Sampah dan Bertuah

Astromancer
Chapter #11

Atas Nama Sombong

Kami tiba di apartemen Edi dengan kondisi mengenaskan. Kelelahan. Tubuh Edi dan Lauren mencari kasur. Hari ini hari libur. Untuk Lauren, ia tidak harus bekerja hari ini. Untuk Edi? Dia tidak harus bekerja. Ia sudah kaya.

Untuk diriku, kasur tidak terasa nyaman untuk tidur. Tubuhku memang letih. Tapi aku tidak bisa tertidur.

Pikiranku menemukan kenyamanan pada kertas-kertas Abigail. Jurnal halaman selanjutnya, telah kubaca pelan-pelan. Jam 4 subuh tadi kami sampai kembali. Sekarang sudah pukul 8.

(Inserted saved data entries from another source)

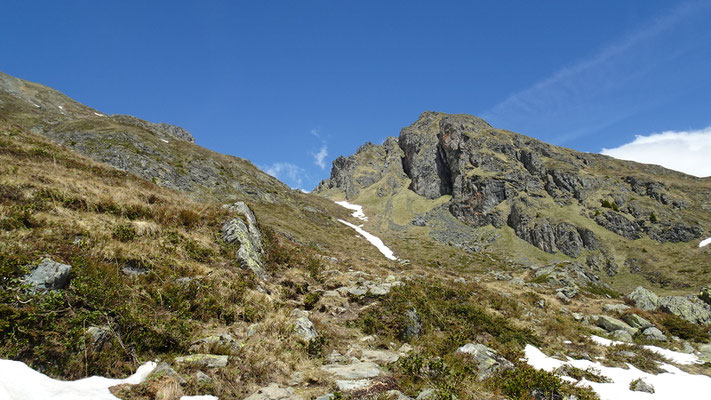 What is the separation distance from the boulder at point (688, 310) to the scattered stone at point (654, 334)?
5848 mm

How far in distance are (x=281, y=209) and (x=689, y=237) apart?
97.6 metres

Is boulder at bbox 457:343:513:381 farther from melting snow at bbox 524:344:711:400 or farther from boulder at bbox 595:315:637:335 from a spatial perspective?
boulder at bbox 595:315:637:335

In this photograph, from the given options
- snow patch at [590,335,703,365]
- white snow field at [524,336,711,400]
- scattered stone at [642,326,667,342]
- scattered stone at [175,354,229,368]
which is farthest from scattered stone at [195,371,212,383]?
scattered stone at [642,326,667,342]

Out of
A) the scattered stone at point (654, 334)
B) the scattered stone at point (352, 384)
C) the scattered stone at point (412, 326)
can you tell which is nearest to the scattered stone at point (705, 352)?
the scattered stone at point (654, 334)

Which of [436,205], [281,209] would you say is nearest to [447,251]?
[281,209]

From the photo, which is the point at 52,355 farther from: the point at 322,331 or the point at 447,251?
the point at 447,251

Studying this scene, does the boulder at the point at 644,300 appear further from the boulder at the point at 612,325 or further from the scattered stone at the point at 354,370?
the scattered stone at the point at 354,370

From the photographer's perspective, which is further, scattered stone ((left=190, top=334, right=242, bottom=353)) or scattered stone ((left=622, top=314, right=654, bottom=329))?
scattered stone ((left=622, top=314, right=654, bottom=329))

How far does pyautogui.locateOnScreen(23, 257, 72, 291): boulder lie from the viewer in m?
6.19

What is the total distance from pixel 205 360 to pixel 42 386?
252 centimetres

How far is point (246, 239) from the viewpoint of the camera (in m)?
14.2

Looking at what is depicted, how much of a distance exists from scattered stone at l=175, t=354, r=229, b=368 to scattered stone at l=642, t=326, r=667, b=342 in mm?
19652

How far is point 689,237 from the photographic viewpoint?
70.2 meters

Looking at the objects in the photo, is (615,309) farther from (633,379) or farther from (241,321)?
(241,321) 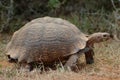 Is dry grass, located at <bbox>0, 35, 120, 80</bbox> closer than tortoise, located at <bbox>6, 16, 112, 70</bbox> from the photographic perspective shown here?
Yes

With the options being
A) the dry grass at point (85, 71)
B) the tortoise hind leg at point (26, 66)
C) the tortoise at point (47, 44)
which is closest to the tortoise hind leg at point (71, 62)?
the tortoise at point (47, 44)

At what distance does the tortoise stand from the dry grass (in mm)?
200

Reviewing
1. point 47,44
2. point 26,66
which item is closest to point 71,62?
point 47,44

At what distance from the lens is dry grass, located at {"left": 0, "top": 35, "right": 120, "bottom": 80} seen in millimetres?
5196

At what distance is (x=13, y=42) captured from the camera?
616 cm

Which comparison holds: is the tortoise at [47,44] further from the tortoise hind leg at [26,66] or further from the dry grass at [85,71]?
the dry grass at [85,71]

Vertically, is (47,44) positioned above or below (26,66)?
above

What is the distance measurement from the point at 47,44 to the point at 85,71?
0.67 m

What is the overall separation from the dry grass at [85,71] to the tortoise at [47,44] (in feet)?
0.66

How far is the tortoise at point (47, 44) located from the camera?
5.75m

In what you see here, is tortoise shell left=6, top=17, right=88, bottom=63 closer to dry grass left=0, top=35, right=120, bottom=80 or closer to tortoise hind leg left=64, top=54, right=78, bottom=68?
tortoise hind leg left=64, top=54, right=78, bottom=68

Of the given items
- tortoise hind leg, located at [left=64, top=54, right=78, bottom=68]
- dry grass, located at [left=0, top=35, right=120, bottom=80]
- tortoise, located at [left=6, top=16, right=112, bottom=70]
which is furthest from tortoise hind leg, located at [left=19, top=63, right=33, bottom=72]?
tortoise hind leg, located at [left=64, top=54, right=78, bottom=68]

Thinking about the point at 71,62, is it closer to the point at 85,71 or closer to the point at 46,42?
the point at 85,71

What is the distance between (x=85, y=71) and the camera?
19.1ft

Kadang aku menguap. Kopi Americano menjadi penawar untuk mengobati rasa kantuk. Beruntung Edi punya mesin kopi sederhana. Ketika sedang asyik-asyiknya membaca, ada suara yang memecah keheningan. Sesuatu dari luar.

Ketukan tiga kali terdengar.

Room service,” ucap suara dari luar.

Aku meletakkan jurnal itu sembarang. Aku berjalan bergegas ke arah pintu. Kubuka pintu apartemen itu.

Terlihat wajah seorang pria mengenakan topi dan masker berwarna hitam

“Ada paket untuk Bapak Edi Lucky Hartanto.”

“Oh ya, baik.”

Aku menandatangani sebuah kertas penerimaan paket itu. Sepertinya Edi memesan sesuatu.

“Aw!” Aku merasakan sesuatu menyengat kakiku.

Dalam hitungan detik, kesadaranku merosot drastis. Pemandanganku mulai gelap.

“Pak, pak? Bapak kenapa?” tanya si pengirim paket itu.

Mataku mengerjap-ngerjap. Tubuhku jatuh terkulai perlahan.

Di detik-detik akhir sebelum aku betul-betul pingsan, aku melihat kaki panjangnya berjalan melengkahiku.

Semua menjadi gelap dengan cepat.

 

Aku mengeluh. Kepalaku pening. Mataku mengedip-ngedip, menyaring cahaya.

“Rafa! Rafa!” Suara Edi membangunkanku.

“Lu kenapa ketiduran di ruang tamu?”

“Hah? Apa? Hah?” Aku linglung. Bingung.

“Gua nemu lu tidur di ruang tamu. Gua keluar, gua kira lu istirahat di kamar lu. Ternyata di sini.”

Aku merangsek bangun dengan segera.

“Jam berapa ini?”

“Jam sembilan.”

Aku sudah tidak sadarkan diri sejak satu jam lalu. Bagai koneksi listrik, aku teringat apa yang terjadi.

Segera aku bangun dari pembaringan dan berlari ke arah kamarku.

“Weh? Lu kenapa, Rafa?” Edi makin bingung.

“Barusan, ada maling!”

“Hah?”

Tebakanku benar.

“Hilang.”

“Hah?”

“Kotak kayu! Kotak kayu itu hilang!”

“Kotak kayu yang dari museum?”

Aku berlari kembali ke ruang tamu. Kulihat di atas sofa.

“Oh, Tuhan.”

Aku bernapas lega. Setidaknya jurnal Abigail masih berada di sini.

“Tadi ada apa sih? Coba lu jelasin ke gua!” Edi menuntut.

Kutatap mata Edi.

“Tadi gua terima paket atas nama lu. Terus tukang paket itu jalan masuk setelah gua dibuat pingsan. Darimana coba dia?”

“Lu serius?” Edi menatapku, tidak percaya.

“Serius gua. Nih paketnya!” Aku memberikan map coklat itu pada Edi.

Ia membuka, mengulir tali yang mengikat map. Tangannya memutar-mutar.

Sebuah kertas ia keluarkan dari dalam map.

“Rafa,” Edi membaca pelan apa isinya.

“Coba lu baca,” Edi memberikan kertas itu kepadaku.

Hanya ada sebaris tulisan dalam bahasa Belanda.

Stop met zoeken naar de diamant als je nog steeds van je leven houdt[1]

Sebuah surat ancaman.

“Isinya apaan, Rafa?” Edi bertanya, meminta penjelasan.

Pikiranku tersendat. Aku terkekeh sejenak, menyembunyikan rasa khawatir dan takut.

“Oke, jadi begini. Kayaknya gua harus pindah,” ucapku pada Edi.

Edi tidak langsung menjawab. Ia justru balas bertanya.